Biljana Dojčinović-Nešić (Биљана Дојчиновић; born 1963) is a Serbian feminist academic, who specialises in Serbian literature and Gender Studies, and who co-founded the Center for Women's Studies in Belgrade. She is Professor of Literature in the Faculty of Philology at the University of Belgrade. She is the first person to publish a book on Virginia Woolf in Serbian.

== Education ==
In 1986, Biljana Dojčinović graduated from the Department of General Literature and Literary Theory of the Faculty of Philology at the University of Belgrade. At the same faculty, in 1991, she defended her master's thesis 'The category of gender in American gynocriticism' (Категорија род у америчкој гинокритици), and then, in 2003, her doctoral dissertation, Narrative processes in John Updike's novels (Приповедни поступци у романима Џона Апдајка).

== Career ==
Dojčinović is Professor of Literature at the Department of General Literature and Literary Theory of the Faculty of Philology at the University of Belgrade. She is one of the founders of the Center for Women's Studies in Belgrade, as well as the Indoc Center of the Association for Women's Initiative.
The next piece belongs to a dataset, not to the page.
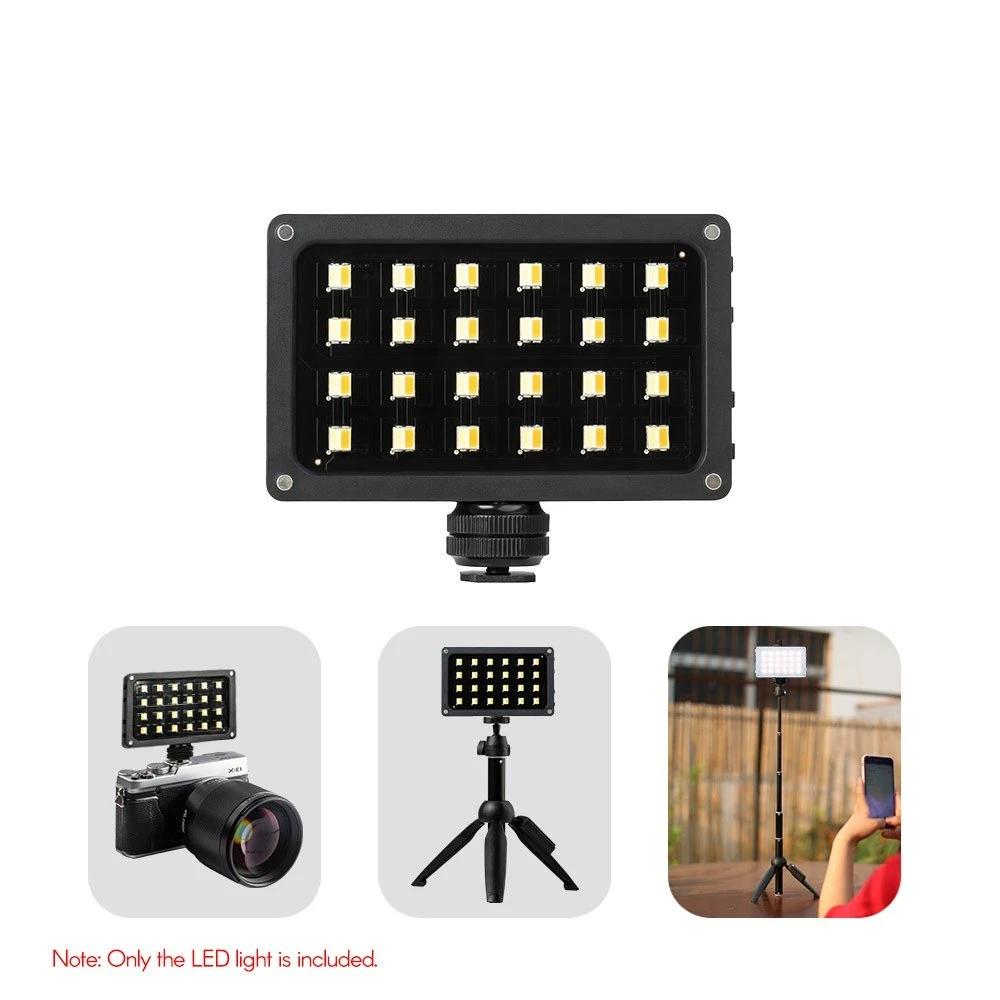 Portable LED Fill-in Video Light Lamp 24pcs Beads Adjustable Brightness with Display Screen Diffuser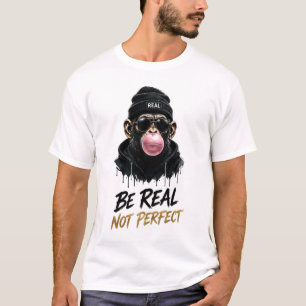 Camiseta Design de Streetwear de Macaco Be Real Not Perfect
From 2002 to 2008, she was the editor-in-chief of the magazine for feminist theory, Genero.

As a member of The John Updike Society (JUS), as well as a member of the editorial board of The John Updike Review since its inception, Dojčinović has been on the board of directors since 2015. She was a member of the board of the research project, Women Writers in History: Toward a New Understanding of European Literary Culture (2009−2013) from 2011. Since 2011, she has been the manager of the research project Literature - theory and history of women's literature in the Serbian language until 1915. She is the chief editor of Knjizenstva [sr], a magazine for literature, gender and culture studies.

== Research ==
Dojčinović was the first author to publish a book on Virginia Woolf in Serbian. She has also written criticism on other modernist writers, such as Henry James. She has also written on how women's studies in the region has shifted from a focus on women through a Communist lens, to a more theoretical and individual approach. In her work on Updike, she has argued that his short story collection The Afterlife and Other Stories is a pivotal work that demonstrates a change in his writing on feminism. She has written on the role of Milica Stojadinović-Srpkinja in the development of women's writing in Serbia, through a feminist framework.

== Recognition ==
In 2016, she received the Anđelka Milić [sr] Award for the book Pravo sunca - different modernisms (Academic book, Novi Sad, 2015).

== Selected works ==

- Dojcinovic, Biljana, and Nemanja Glintic. "John Updike in Serbia." Contemporary American Fiction in the European Classroom: Teaching and Texts (2022): 63.
- Dojčinović, Biljana. "The Politics of Vulnerability in The Afterlife and Other Stories." Updike and Politics: New Considerations (2019): 161.
- Dojčinović, Biljana. "Modernist Narrative Techniques and Challenges of Humanity: John Updike in European Perspective." From Humanism to Meta-, Post-and Transhumanism? (2016): 269-82.
- Daskalova, Krassimira, et al. "Clio on the margins: women's and gender history in Central, Eastern and Southeastern Europe (Part one)." Aspasia 6.1 (2012): 125-185.
- Dojčinović, Biljana. "Forging, Milking, Delivering: The Female and Maternal as Links Between A Portrait and Ulysses." Belgrade English Language and Literature Studies 3.1 (2011): 163-173.
- Dojčinović-Nešić, Biljana. "Translation as Border-Crossing: Virginia Woolf’s Case." TRANS-. Revue de littérature générale et comparée 9 (2010).
- Dojčinović, Biljana. "De-centered Pluralism of Methods: Feminist Literary Criticism in Serbia." Gender and Identity. Centar za ženske studije & Centar za studije roda i politike, Fakultet političkih nauka, Beograd 281-296.
- Dojčinović, Biljana. "Feministička čitanja i preispitivanje književnog kanona." Genero: časopis za feminističku teoriju i studije kulture 01 (2002): 36-42.
- Dojčinović, Biljana. "On Women and Literature at the Beginning of XX Century." Selected Papers. Belgrade women's studies journal: Anniversary issue 1992/2002. Centar za ženske studije & Centar za studije roda i politike, Fakultet političkih nauka, Beograd 83-88.
- Dojčinović, Biljana. "O ženama i književnosti na početku veka." Ženske studije: časopis za feminističku teoriju 11-12 (2000): 23-33.